Yes, meshes are faster according to earlier tests, I think line is implemented in a shader, but I guess it is slower since it handles many special cases such as cap mode? Also, if you want to draw a line for several frames, you can store the mesh value m in my example and only call m:draw() in the draw function. Or add thousands of line to id with addRect.
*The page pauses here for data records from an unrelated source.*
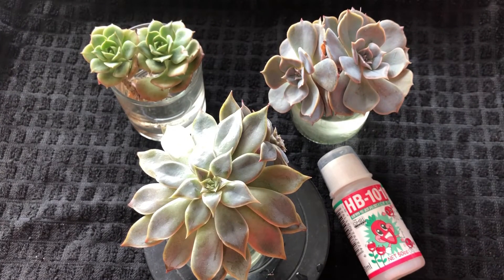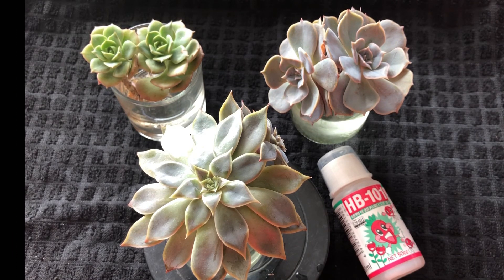Happy planting to all of you, and Happy Valentine's Day again! I hope you have a wonderful day at the office and an even more wonderful evening with your beloved one. If you haven't subscribed to my channel, please subscribe so I can bring you more videos. If you like this video, give me a thumbs up. If you have any questions, feel free to drop me a message and I will definitely get back to you. Have a good day!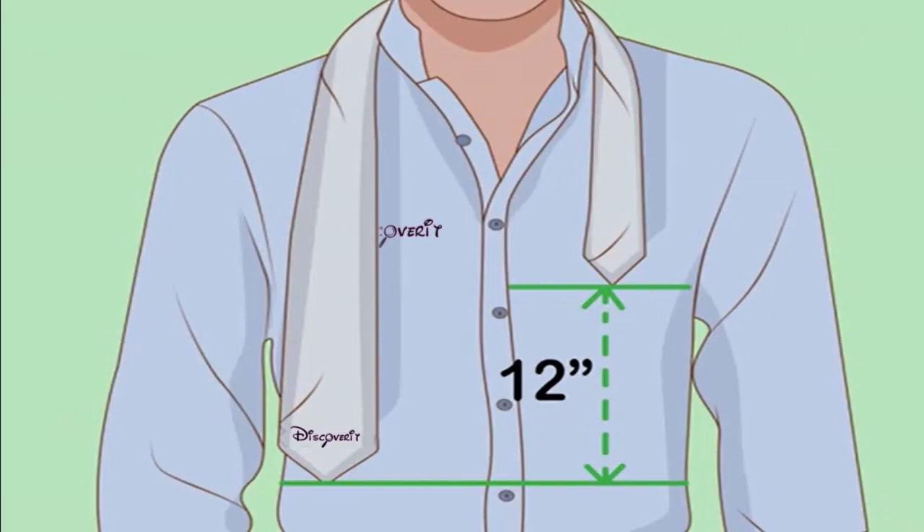Position the tie around the other person's shoulders. From your perspective facing the other person, the wide end of the tie should hang on your left, and the narrow end on your right. Adjust the tie until the tip of the wide end is roughly 12 inches below the narrow end.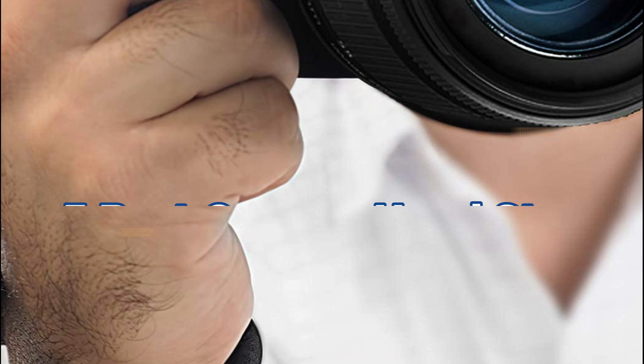In today's video, we will show you the top 5 best camera hand straps. So, let's get started.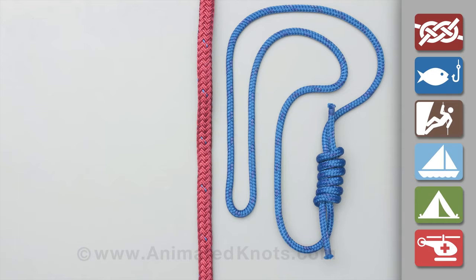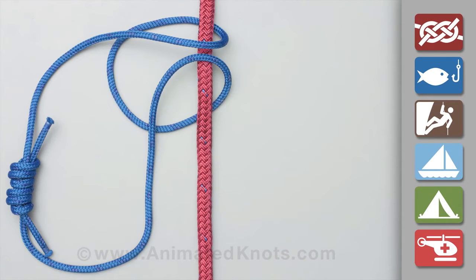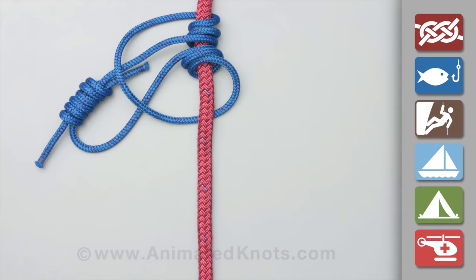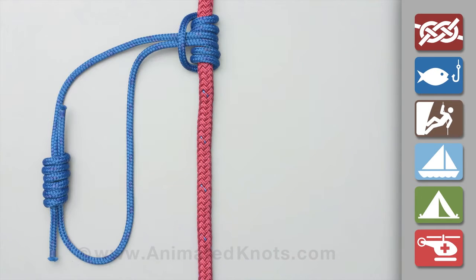Use a piece of cord formed into a loop. Pass the knot around the rope three times inside the loop. Make sure the turns lie neatly beside each other and pull the knot tight.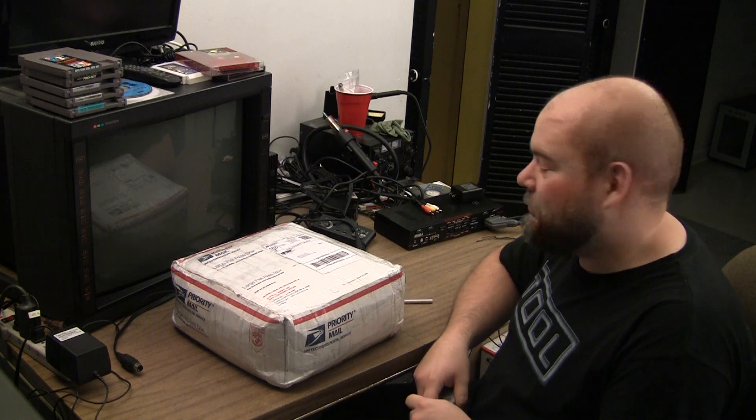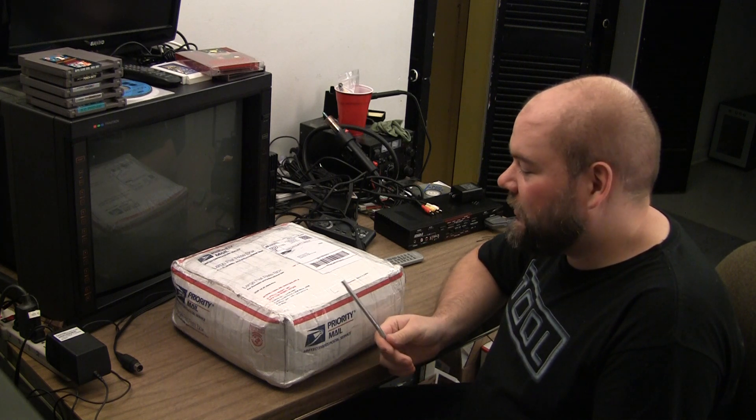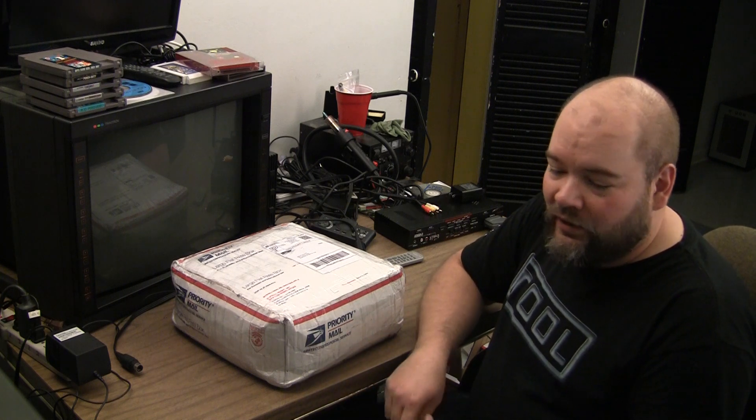I've been waiting all day to dig into this box. This is something very different than my normal videos. I've been into NES reproduction carts a little bit - I'm not going professional with it, just trying to get rid of a bunch of common carts I've got laying around. A great way to do that is to turn them into something people actually want to buy. Nobody wants a $2 golf game.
You can return to the code if you run into performance issues.

A fragment shader as above is called for every pixel on the rectangle I've defined with a vTexCoord going from x = 0 to x=1. Probably better to define a complementary color than to use discard, since it is a bit slower than to draw the pixel.

• Posts: 3,297

@tnlogy oh! You can draw negative colors to the screen with shaders? What happens if the result is <0 or >255?

• Posts: 5,396

@Jmv38 - shaders automatically restrict the result to be between 0 and 1 (as a fraction of 255)

• Posts: 3,297

@ignatz cool!

• edited January 2014 Posts: 5,396

@Jmv38 - yes and no. This restriction can lead to false colours.

eg if you get an answer of (510, 100, 100), then restricting the color gives you (255, 100, 100), which dramatically reduces just the red.

Instead, you could scale all the numbers down to get (255, 50, 50)

But I'm not sure there is any perfect way of handling boundary conditions.